“He Had It Coming”

Jon took this picture of me before I went to our Bellydancing Hafla last month. When I saw it, I said, “ I want to be like her!

I don’t know who started it.  

There were seven of us standing in a big circle getting ready to practice zilling.  Julz was looking for the right song on her iPhone and suddenly we were in a conversation about body image and weight. 

A couple of the women who have young daughters talked about how they never spoke negatively about their own weight or food in front of their kids. Someone else said how when she was in school the other girls always talked about being “too fat” but she wouldn’t join in.  “I was always a feminist,” she told us. 

As I listened I felt myself being drawn back in time to my childhood. I didn’t want to bring up what I was thinking, I wanted to leave it in the past where it lived. But it was almost as if I were in a trance, overwhelmed by the feelings of a lifetime. 

“Every day my father would call my mother from work and ask if she did her sit-ups,” I said. 

The amazing thing was that I didn’t have to say another thing.  Everyone understood the impact of it.

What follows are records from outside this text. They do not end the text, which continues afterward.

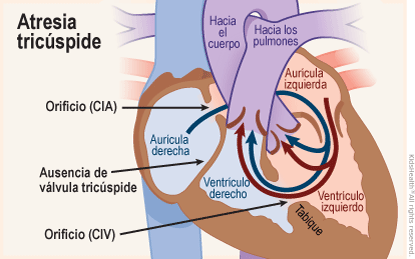 Se muestra un corte transversal del corazón con atresia tricúspide: un defecto congénito en el que falta la válvula tricúspide y hay dos orificios en el tabique que provocan un flujo sanguíneo mal dirigido.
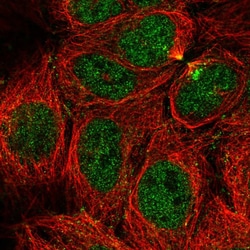 Invitrogen CaMKV Polyclonal Antibody 100 &mu;L | Buy Online | Invitrogen&trade; | Fisher Scientific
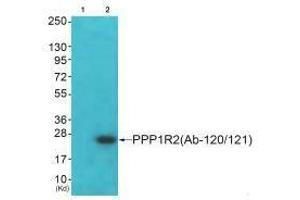 PPP1R2 antibody  (Ser120, Ser121)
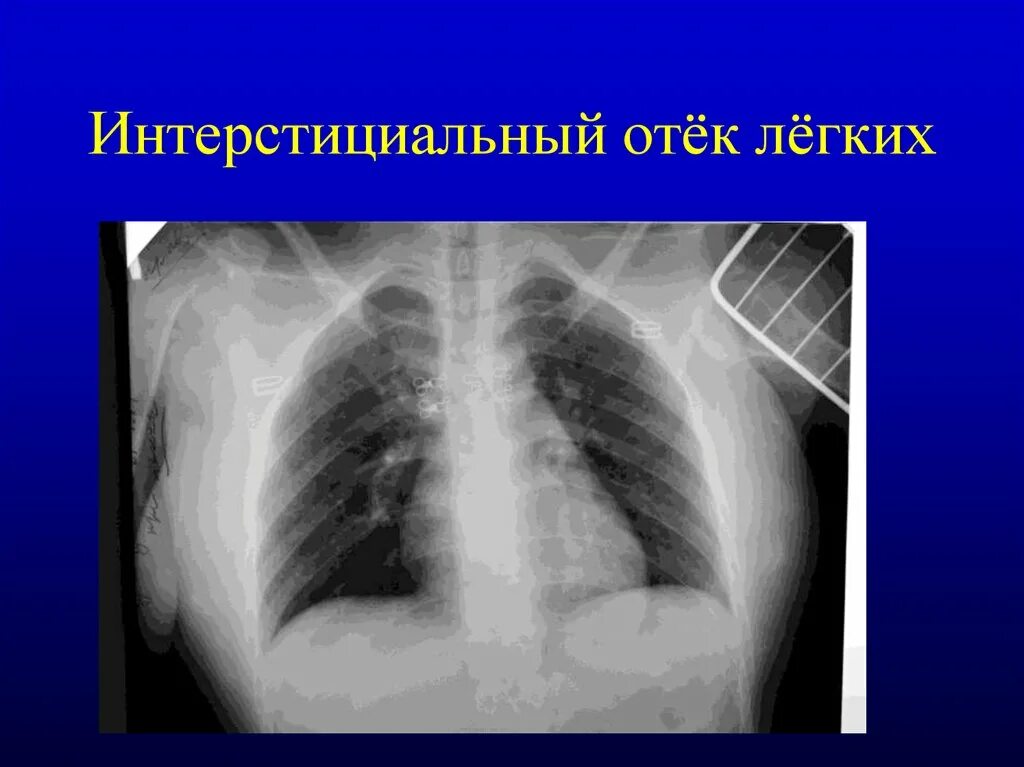 Альвеолярный отек легких рентген. Альвеолярный отек легкого рентген. Интерстициальный отек легких. Отек легких на рентгенограмме.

But I had fallen into the dark hole of my past.  I was in the living room where I grew up listening to that daily phone conversation between my mother and father.  Then a voice broke through and I heard someone ask, “Why didn’t she tell him to mine his own business?” and another voice, “or go fuck himself?”

“No,” I said quietly from a distance, “she never did, she couldn’t.”

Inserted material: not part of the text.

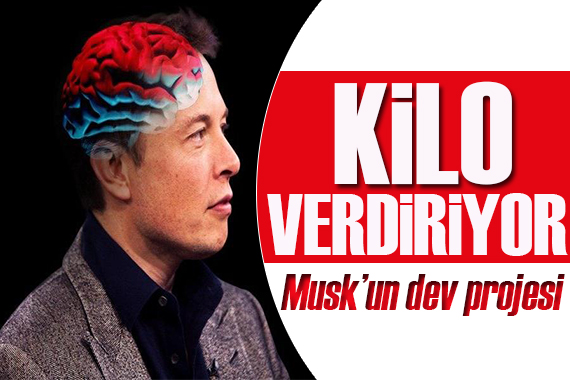 Elon Musk un dev projesi! Bu sayede kilo vereceksiniz!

That’s when Julz looked up from her phone and as if declaring a well-known truth announced, “Some guys just can’t hold their arsenic.”

Then she started singing… “ he had it coming, he had it coming…” And Kathleen, who was standing next to Julz, sang with her…

….”So that night when I came home from work I fixed him his drink like usual. You know, some guys just can’t hold their arsenic.  He had it coming, he had it coming.  He only had himself to blame….”

I imagine I laughed, maybe too loud. But I don’t really know.   What I do remember is that while they sang, it seemed to me that they were surrounded by a glowing green light, and between them, they were stirring a pot, or was it a caldron?

Whatever was really going on, they broke the spell I was in.  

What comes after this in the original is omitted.